Why Isn't the Sum of Torques Zero in This Ladder Equilibrium Problem?

[Elias Waranoi]

Homework Statement

Two ladders, 4.00 m and 3.00 m long, are hinged at point A and tied together by a horizontal rope 0.90 m above the floor (Fig. P11.89). The ladders weigh 480 N and 360 N, respectively, and the center of gravity of each is at its center. Assume that the floor is freshly waxed and frictionless. (a) Find the upward force at the bottom of each ladder. (b) Find the tension in the rope. (c) Find the magnitude of the force one ladder exerts on the other at point A

Homework Equations

τ = F×L

The Attempt at a Solution

So with the help of my textbook I was able to solve (c) by taking the sum of vertical forces of the right ladder F_normal - F_gravity = F_y and sum of horizontal forces F_tension = F_x and correctly got the magnitude of the force one ladder exerts on the other at point A to be 335 Newton.

This got me thinking though, since the ladder is in static equilibrium and we have all the forces acting on the right ladder then the sum of torque τ on that ladder should be zero right? I did the maths and got F_gravity*cos(53.13)*1.5 + F_tension*0.9 - F_x*sin(53.13)*3 = -160 where 53.13 is the angle in degrees between the floor and right ladder, 1.5 is half the length of the ladder and 3 is the length of the ladder. This is not zero, why not? Is my math wrong? Are there other forces affecting the torque about the point between the right ladder and the floor that I did not account for?

 

[BvU]

F_x*sin(53.13)*3

Where's F_y ?

 

[Elias Waranoi]

Where's F_y ?

But F_y is pararell to the length of the torque so it shouldn't contribute to the torque right?

 

[TomHart]

The perpendicular distance of Fy to the moment point is not zero. If you draw a vertical line downward from Fy, the perpendicular distance from the moment will be where that line intersects the ground.

 

[Elias Waranoi]

The perpendicular distance of Fy to the moment point is not zero. If you draw a vertical line downward from Fy, the perpendicular distance from the moment will be where that line intersects the ground.
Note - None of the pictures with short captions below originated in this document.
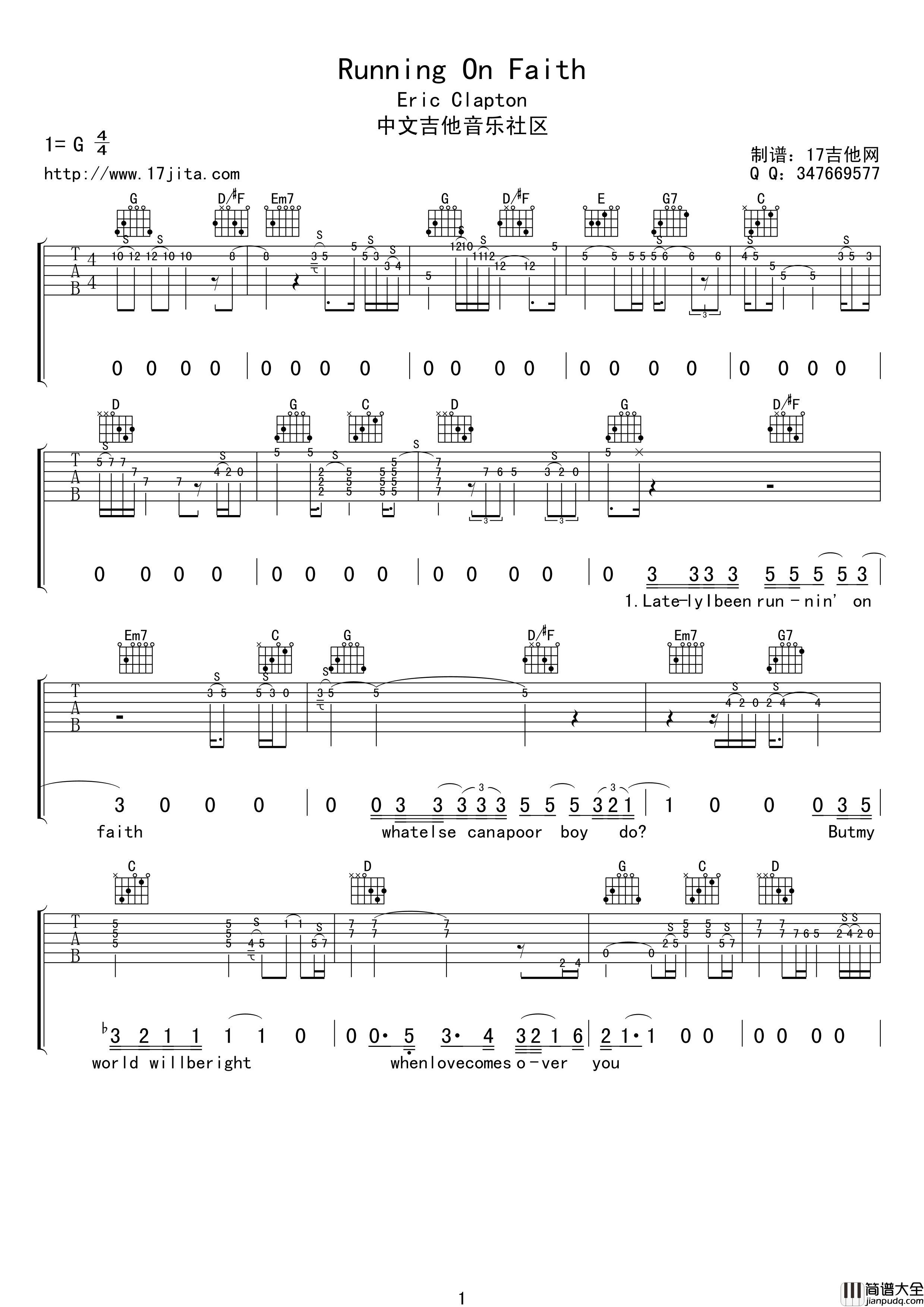 running_on_faith吉他谱_G调精选版_17吉他编配_Eric_Clapton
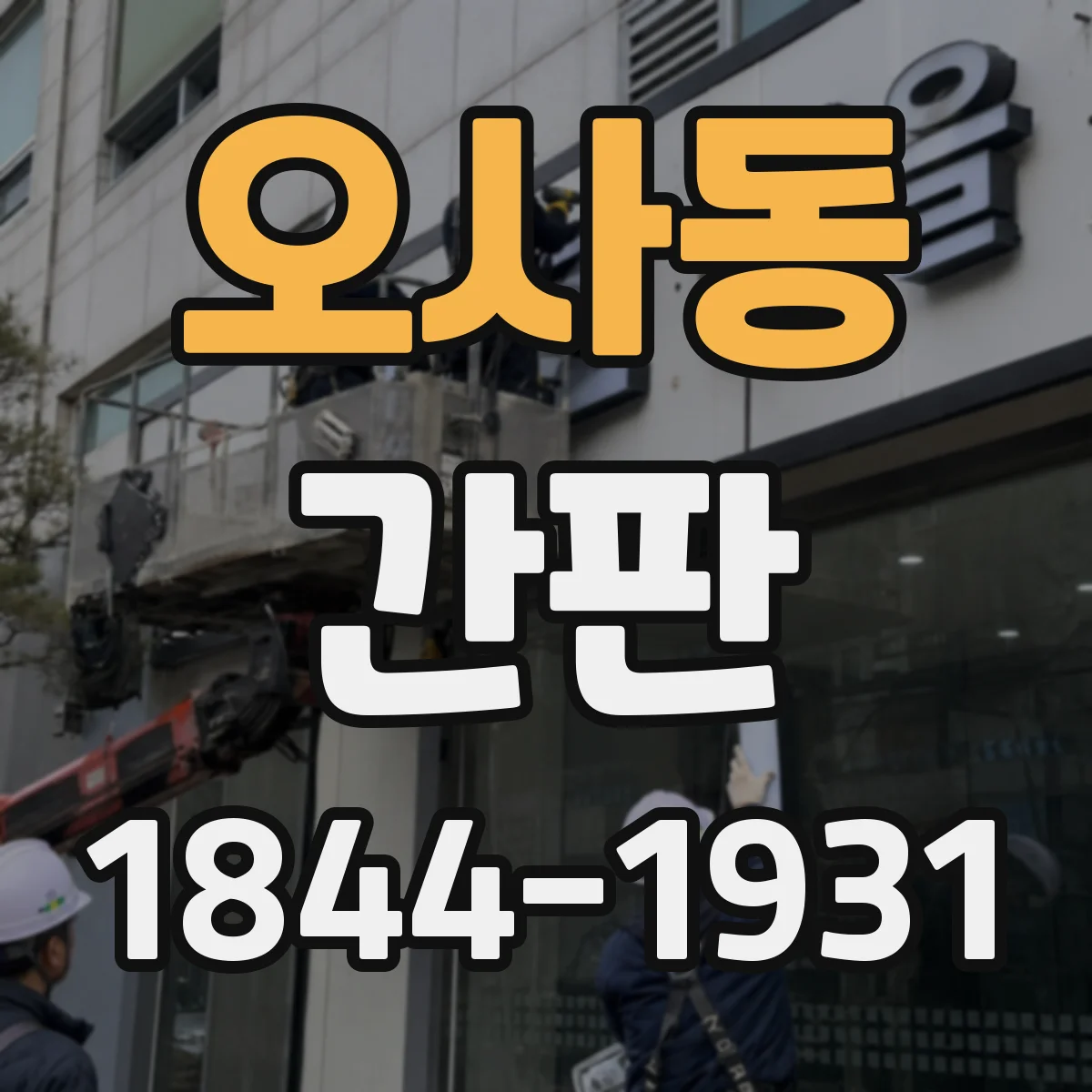 오사동 간판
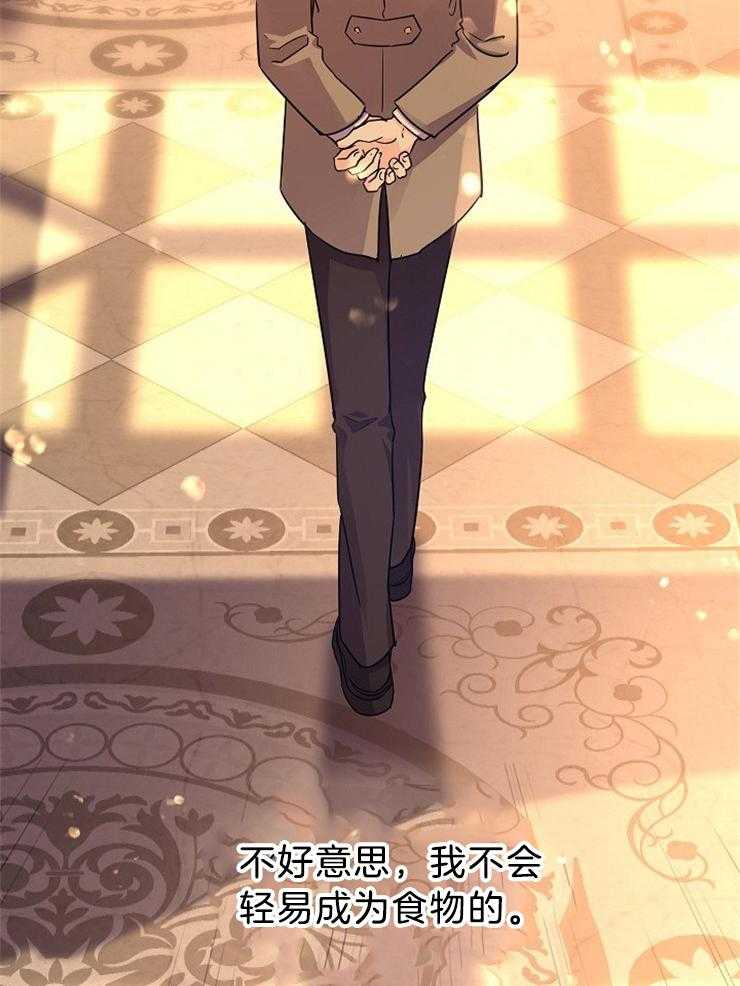 《男主你人设崩了》第74话 邀约 第44页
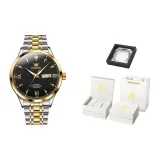 Steel Band Black Dial[Box Limited Edition]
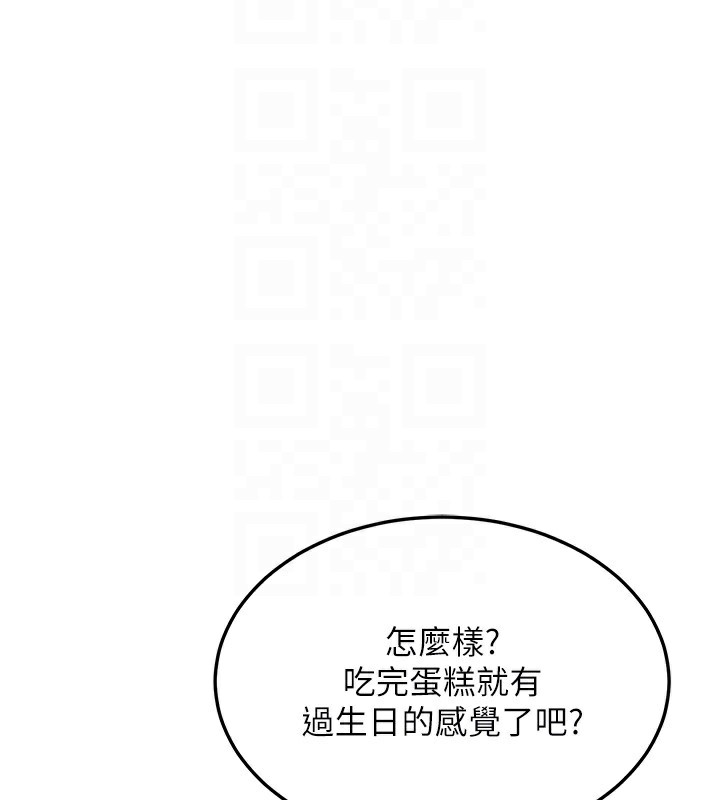 [韩国漫画] 熟女计划书 剧情,OL#[166P]-32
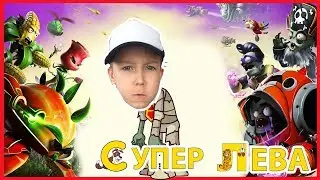Супер Лева и Папа играют в Зомби против растений одновременно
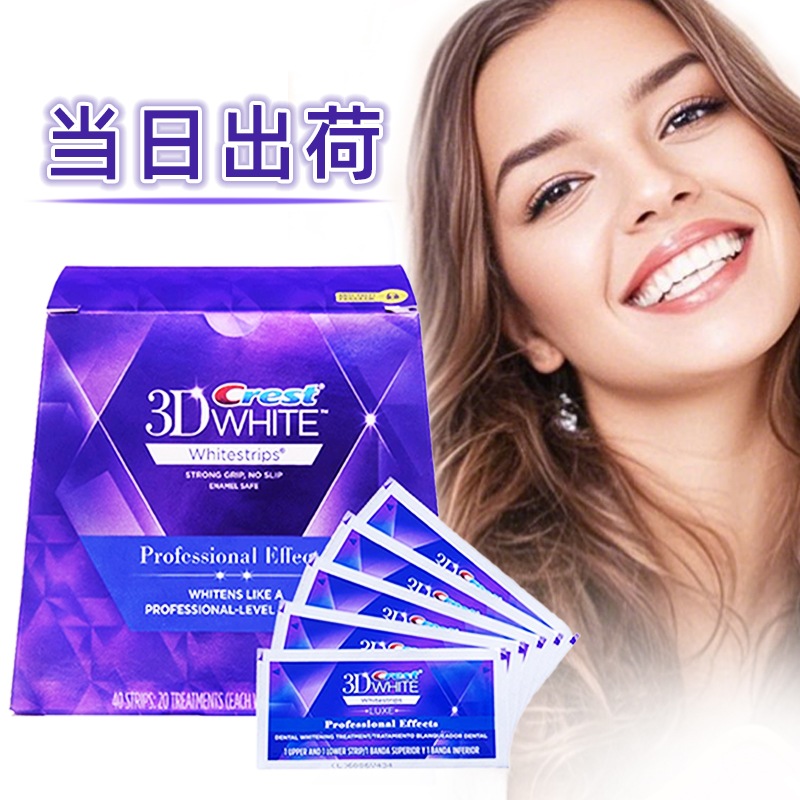 Qoo10] クレスト 【即日発送】正規品保証 30/60枚ホワ : 日用品雑貨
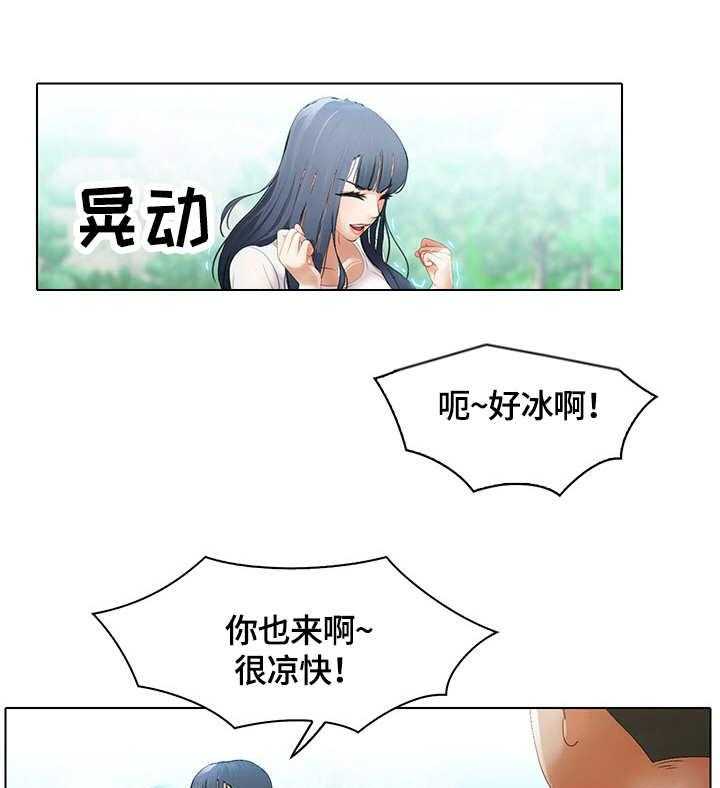 《时间顿错》漫画最新章节第7话 7_戏水免费下拉式在线观看章节第【10】张图片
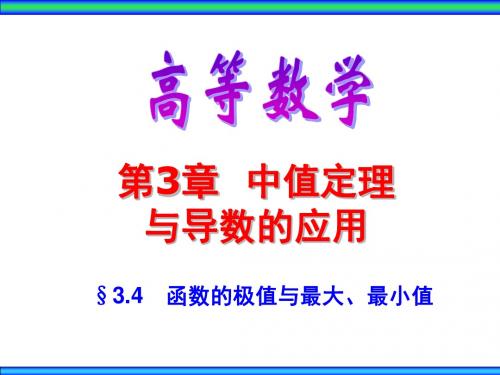 §3.4 函数的极值与最大、最小值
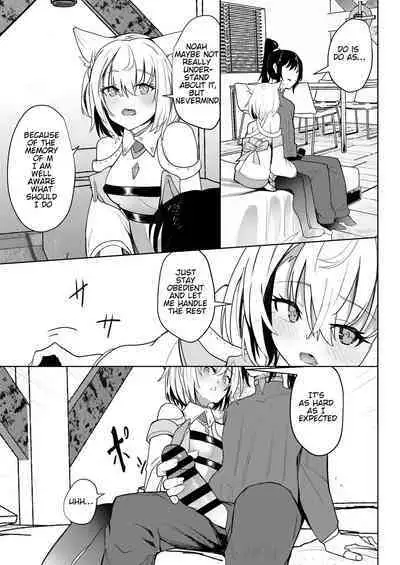 [Sol seeker (Aohonno)] Saigo no Kokuhaku | The Last Love Confession (Xenoblade Chronicles 3) [English] [Digital]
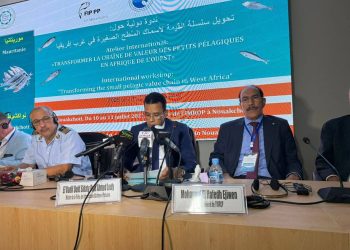 نواكشوط تستضيف ندوة دولية رفيعة المستوى لتحويل قيمة أسماك السطح بغرب إفريقيا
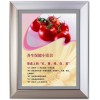 展板邊框鋁型材
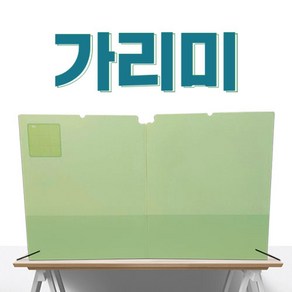 [가리미] 책상 가리미 가림판 가림막 칸막이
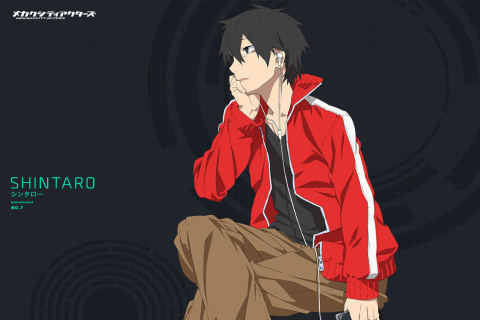 Shintaro Kisaragi, Mekakucity screenshot #1 480x320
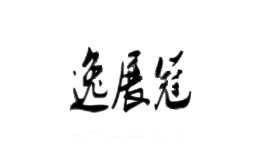 逸展冠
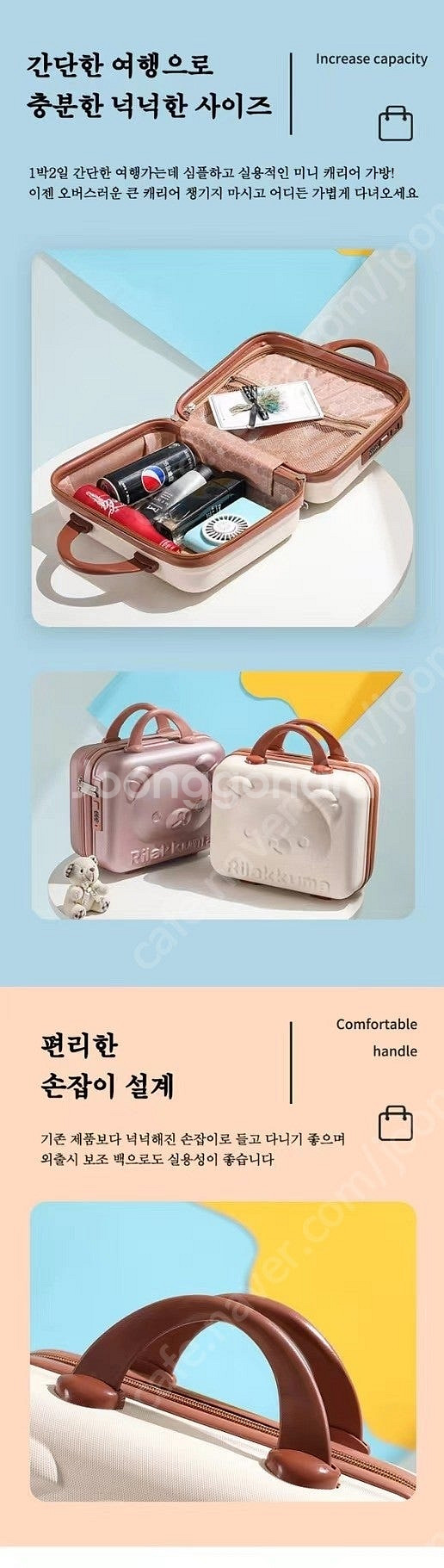 리라쿠마 기내용&레디백 휴대용 여행가방(한정판 화이트)--2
oops, thank you. But it's still weird, with counter-clockwise rotation being the positive torque I get F_gravity*cos(53.13)*1.5 + F_tension*0.9 - F_x*sin(53.13)*3 - F_y*cos(53.13)*3 = -321. If I add F_y as a positive torque I get zero for some reason. F_gravity is 360N, F_tension is 322N, F_x is F_normal - F_gravity = 89N and F_y is F_tension = 322N.

 

[TomHart]

Did you find Fy to be an upward force acting on the 3 meter ladder? I thought it was a downward force as it acted on the 3 meter ladder, and an upward force on the 4 meter ladder.

 

[Elias Waranoi]

Well the answer for (a) quoted from the book "449 N (3.00-m ladder)" and from how I interpret the question, the 3.00m ladder is the one weighing 360 N. To get vertical force equilibrium I can't make this into anything but an upward force on the 3 meter ladder.

 

[TomHart]

The normal force (an upward force) on the 3 meter ladder is 449 N. Is that what you are saying? If so, I agree. The weight of the 3 meter ladder is 360 N. At this point your upward force is greater than your downward force by 89 N. Don't you need an addition 89 N downward to achieve equilibrium?

 

[Elias Waranoi]

...!
You're right! Everything adds up now :'D Thank you very much for helping me out.